Tool confusion. With many tools available, the agent occasionally picks the wrong one. It uses the web search tool to find documentation that's already in a local file. It queries the database when the answer is in the task description. Each wrong tool choice wastes tokens and introduces noise.
Diluted focus. The agent's "attention" is a finite resource within each generation. When the context contains tool schemas for file access, web search, database queries, GitHub operations, Slack messages, and wiki lookups, the agent processes all of that before it processes your actual request. The task competes with the tooling for cognitive priority.

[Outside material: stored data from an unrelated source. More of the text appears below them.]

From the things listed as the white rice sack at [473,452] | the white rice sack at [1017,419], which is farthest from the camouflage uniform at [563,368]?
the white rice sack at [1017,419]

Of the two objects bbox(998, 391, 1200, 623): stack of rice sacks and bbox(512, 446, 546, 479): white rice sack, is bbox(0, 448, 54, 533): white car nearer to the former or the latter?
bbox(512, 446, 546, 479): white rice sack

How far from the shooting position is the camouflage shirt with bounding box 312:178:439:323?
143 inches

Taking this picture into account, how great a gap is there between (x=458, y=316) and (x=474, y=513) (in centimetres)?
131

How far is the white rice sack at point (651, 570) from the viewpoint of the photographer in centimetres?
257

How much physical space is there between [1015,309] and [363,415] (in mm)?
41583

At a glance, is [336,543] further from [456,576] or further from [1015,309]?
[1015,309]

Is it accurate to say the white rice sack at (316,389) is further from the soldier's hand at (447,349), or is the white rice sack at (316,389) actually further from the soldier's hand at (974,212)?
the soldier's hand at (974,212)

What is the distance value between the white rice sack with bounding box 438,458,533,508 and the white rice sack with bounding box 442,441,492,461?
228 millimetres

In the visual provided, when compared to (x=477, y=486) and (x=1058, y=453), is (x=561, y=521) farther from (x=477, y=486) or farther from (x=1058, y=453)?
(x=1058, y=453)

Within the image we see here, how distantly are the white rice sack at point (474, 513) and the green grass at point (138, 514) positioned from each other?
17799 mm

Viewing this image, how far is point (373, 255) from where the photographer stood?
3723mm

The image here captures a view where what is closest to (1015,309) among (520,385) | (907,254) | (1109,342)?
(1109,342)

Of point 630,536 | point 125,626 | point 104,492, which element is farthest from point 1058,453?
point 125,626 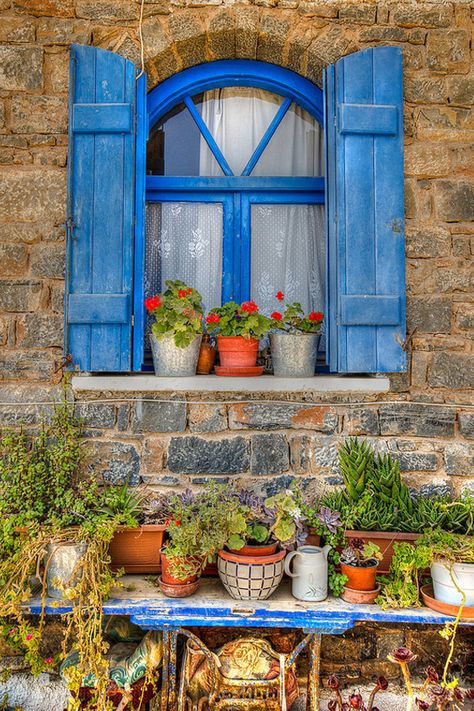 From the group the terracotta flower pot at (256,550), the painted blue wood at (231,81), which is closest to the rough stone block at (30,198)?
the painted blue wood at (231,81)

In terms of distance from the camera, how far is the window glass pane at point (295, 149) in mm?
3615

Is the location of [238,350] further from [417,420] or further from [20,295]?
[20,295]

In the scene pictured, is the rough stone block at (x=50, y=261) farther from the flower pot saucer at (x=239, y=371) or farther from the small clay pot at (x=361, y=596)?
the small clay pot at (x=361, y=596)

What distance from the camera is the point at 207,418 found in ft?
10.6

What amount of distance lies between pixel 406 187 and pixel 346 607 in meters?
2.26

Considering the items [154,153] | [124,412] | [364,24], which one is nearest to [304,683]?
[124,412]

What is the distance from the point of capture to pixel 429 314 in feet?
10.8

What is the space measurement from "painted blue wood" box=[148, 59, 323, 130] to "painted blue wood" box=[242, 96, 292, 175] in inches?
3.1

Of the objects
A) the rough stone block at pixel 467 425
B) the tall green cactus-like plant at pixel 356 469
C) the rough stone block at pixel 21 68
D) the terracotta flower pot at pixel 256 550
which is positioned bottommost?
the terracotta flower pot at pixel 256 550

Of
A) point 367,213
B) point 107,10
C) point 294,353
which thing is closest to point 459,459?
point 294,353

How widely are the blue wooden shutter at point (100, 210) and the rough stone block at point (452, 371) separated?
1704 mm

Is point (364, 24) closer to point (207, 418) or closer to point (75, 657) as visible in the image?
point (207, 418)

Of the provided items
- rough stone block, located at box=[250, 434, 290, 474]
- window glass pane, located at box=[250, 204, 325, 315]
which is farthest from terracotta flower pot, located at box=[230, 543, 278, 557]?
window glass pane, located at box=[250, 204, 325, 315]

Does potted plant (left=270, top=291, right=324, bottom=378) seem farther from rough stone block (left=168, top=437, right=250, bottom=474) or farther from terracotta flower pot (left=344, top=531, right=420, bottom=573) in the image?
terracotta flower pot (left=344, top=531, right=420, bottom=573) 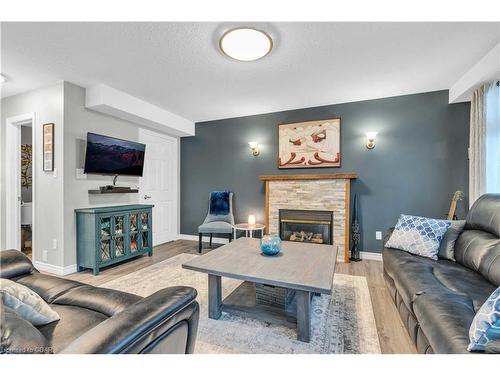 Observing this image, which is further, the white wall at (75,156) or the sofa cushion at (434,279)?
the white wall at (75,156)

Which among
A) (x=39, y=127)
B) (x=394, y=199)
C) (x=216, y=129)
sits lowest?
Answer: (x=394, y=199)

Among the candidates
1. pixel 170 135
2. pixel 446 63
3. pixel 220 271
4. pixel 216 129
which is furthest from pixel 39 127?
pixel 446 63

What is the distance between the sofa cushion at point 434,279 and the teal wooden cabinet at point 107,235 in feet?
10.5

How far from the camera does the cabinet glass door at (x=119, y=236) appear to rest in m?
3.08

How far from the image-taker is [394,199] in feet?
11.0

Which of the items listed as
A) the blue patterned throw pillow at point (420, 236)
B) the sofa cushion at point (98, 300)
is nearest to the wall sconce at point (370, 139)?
the blue patterned throw pillow at point (420, 236)

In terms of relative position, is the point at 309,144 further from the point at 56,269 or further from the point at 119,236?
the point at 56,269

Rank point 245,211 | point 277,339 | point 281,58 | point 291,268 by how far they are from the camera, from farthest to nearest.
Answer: point 245,211, point 281,58, point 291,268, point 277,339

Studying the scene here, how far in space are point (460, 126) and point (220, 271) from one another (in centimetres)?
359

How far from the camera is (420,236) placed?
214 cm

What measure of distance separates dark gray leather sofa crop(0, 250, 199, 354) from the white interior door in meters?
2.65

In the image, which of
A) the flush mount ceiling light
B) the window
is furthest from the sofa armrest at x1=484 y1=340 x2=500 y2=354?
the window

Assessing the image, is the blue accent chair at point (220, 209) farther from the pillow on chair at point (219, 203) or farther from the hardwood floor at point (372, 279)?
the hardwood floor at point (372, 279)

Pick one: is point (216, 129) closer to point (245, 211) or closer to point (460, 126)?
point (245, 211) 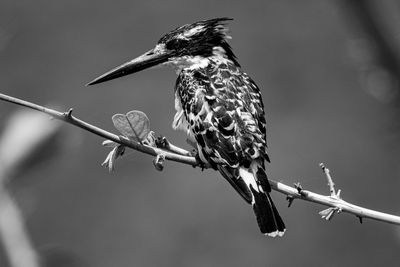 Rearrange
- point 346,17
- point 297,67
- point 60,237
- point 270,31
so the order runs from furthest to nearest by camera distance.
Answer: point 270,31
point 297,67
point 60,237
point 346,17

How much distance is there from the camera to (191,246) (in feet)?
18.4

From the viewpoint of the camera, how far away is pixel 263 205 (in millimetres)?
2029

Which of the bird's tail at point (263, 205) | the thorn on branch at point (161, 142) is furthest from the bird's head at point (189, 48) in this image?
the thorn on branch at point (161, 142)

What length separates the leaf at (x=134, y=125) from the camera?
1535 mm

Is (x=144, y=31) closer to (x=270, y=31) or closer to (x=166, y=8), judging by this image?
(x=166, y=8)

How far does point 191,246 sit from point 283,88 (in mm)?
1592

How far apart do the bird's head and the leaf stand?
1.04 m

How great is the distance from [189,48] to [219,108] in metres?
0.50

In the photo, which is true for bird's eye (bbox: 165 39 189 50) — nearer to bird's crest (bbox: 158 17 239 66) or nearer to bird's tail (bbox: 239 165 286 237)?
bird's crest (bbox: 158 17 239 66)

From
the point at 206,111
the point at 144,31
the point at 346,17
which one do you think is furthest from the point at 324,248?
the point at 346,17

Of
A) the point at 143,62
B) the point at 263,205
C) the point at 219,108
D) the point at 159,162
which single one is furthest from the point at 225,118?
the point at 159,162

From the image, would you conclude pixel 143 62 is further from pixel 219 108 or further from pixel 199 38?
pixel 219 108

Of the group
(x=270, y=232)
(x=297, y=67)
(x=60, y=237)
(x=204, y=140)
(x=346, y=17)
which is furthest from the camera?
(x=297, y=67)

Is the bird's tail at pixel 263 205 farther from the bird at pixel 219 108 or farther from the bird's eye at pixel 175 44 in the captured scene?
the bird's eye at pixel 175 44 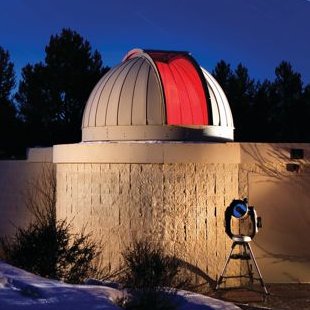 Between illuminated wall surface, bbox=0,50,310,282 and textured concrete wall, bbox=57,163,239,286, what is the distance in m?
0.02

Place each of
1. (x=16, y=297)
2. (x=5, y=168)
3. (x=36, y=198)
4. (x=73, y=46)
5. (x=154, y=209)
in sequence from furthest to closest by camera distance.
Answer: (x=73, y=46) → (x=5, y=168) → (x=36, y=198) → (x=154, y=209) → (x=16, y=297)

Bounded context: the alternative to tool sprawl
The reflexive response to "my agent needs information X" is to give the agent a tool that fetches X. But there's another approach: put X in the task.

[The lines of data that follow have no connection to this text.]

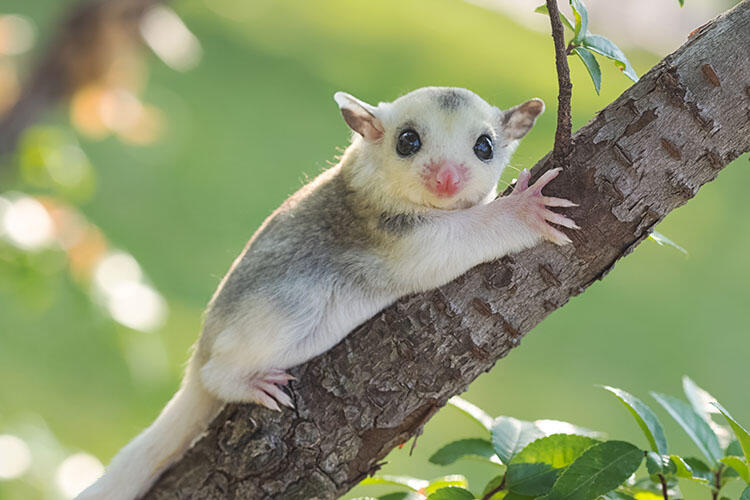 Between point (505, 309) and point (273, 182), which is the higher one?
point (273, 182)

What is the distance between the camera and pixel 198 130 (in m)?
5.74

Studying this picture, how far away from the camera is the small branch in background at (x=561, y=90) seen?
1.08 meters

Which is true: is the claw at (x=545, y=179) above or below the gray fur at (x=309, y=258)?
below

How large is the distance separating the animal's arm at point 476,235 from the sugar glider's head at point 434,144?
2.6 inches

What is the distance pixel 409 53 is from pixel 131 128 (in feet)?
13.0

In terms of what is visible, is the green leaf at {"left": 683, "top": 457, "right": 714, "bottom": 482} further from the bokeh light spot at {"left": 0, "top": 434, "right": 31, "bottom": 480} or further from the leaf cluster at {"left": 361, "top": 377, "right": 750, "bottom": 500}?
the bokeh light spot at {"left": 0, "top": 434, "right": 31, "bottom": 480}

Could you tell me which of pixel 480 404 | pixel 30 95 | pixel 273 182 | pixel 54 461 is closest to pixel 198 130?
pixel 273 182

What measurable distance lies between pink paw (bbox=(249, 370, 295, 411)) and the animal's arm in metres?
0.25

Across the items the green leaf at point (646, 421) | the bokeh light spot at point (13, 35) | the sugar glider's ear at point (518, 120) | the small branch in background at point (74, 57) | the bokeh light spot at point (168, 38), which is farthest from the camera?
the small branch in background at point (74, 57)

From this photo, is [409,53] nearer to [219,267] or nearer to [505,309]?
[219,267]

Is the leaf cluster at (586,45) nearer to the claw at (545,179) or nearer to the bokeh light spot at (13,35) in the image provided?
the claw at (545,179)

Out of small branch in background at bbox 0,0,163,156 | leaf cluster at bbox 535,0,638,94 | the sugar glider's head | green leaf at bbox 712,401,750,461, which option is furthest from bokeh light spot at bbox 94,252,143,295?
small branch in background at bbox 0,0,163,156

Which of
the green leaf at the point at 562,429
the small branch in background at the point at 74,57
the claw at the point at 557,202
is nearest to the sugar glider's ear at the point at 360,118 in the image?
the claw at the point at 557,202

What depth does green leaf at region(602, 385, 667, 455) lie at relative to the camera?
1022 mm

This is the bounded context pattern. Instead of giving agents access to everything and hoping they find what's relevant, you give each agent a task that contains everything it needs to complete the work. The agent doesn't search for context. The context is delivered.
The difference is structural. With MCP sprawl, the agent's workflow looks like:
- Read the task
- Figure out what information is missing
- Use various tools to gather that information
- Synthesize the information
- Do the actual work
With bounded context, it looks like:
- Read the task (which contains all necessary context)
- Do the actual work
Steps 2-4 in the first workflow aren't just overhead. They're where things go wrong. The agent gathers too much information, or the wrong information, or gets distracted by interesting but irrelevant data. Every tool invocation is a potential detour.
Bounded context doesn't mean agents can't use tools. File access is still necessary for reading and writing code. But it means the informational context (what to build, why, which files, what the acceptance criteria are) lives in the task, not in a tool the agent has to query.
Structuring tasks as context containers
A task that works as a context container looks different from a typical Jira ticket or GitHub issue. It's self-contained. An agent reading it should have everything it needs to start working without querying external systems for background information.
Here's what that looks like in practice:
Title: Add rate limiting to /api/search endpoint
Description:
The /api/search endpoint currently has no rate limiting.
Add a token bucket rate limiter at 100 requests/minute per IP.
Files to modify:
- server/middleware/rate-limit.ts (create new)
- server/routes/search.ts (apply middleware)
- server/config.ts (add RATE_LIMIT_RPM env var)
Acceptance criteria:
- Requests beyond 100/min from same IP return 429
- Rate limit resets after 60 seconds
- Config value overridable via environment variable
- Existing tests still pass
Context:
- We use Express middleware pattern (see server/middleware/auth.ts for example)
- The config module uses dotenv (see server/config.ts lines 1-15)
- No Redis available; use in-memory store. This is a single-instance app.
Dependencies: None. This can run independently.
Notice what's embedded in the task. The agent knows which files to touch, what pattern to follow, what constraints exist (no Redis), and exactly what "done" looks like. It doesn't need a database MCP to check the schema. It doesn't need a wiki tool to find the middleware pattern. It doesn't need to search the codebase to understand the config approach. All of that is in the task.
Writing tasks this way takes more effort upfront. A typical ticket might say "Add rate limiting to search endpoint" and leave the agent to figure out the rest. But that figuring-out process is exactly where MCP sprawl comes from: the agent needs information, so you give it tools, and the tools eat context.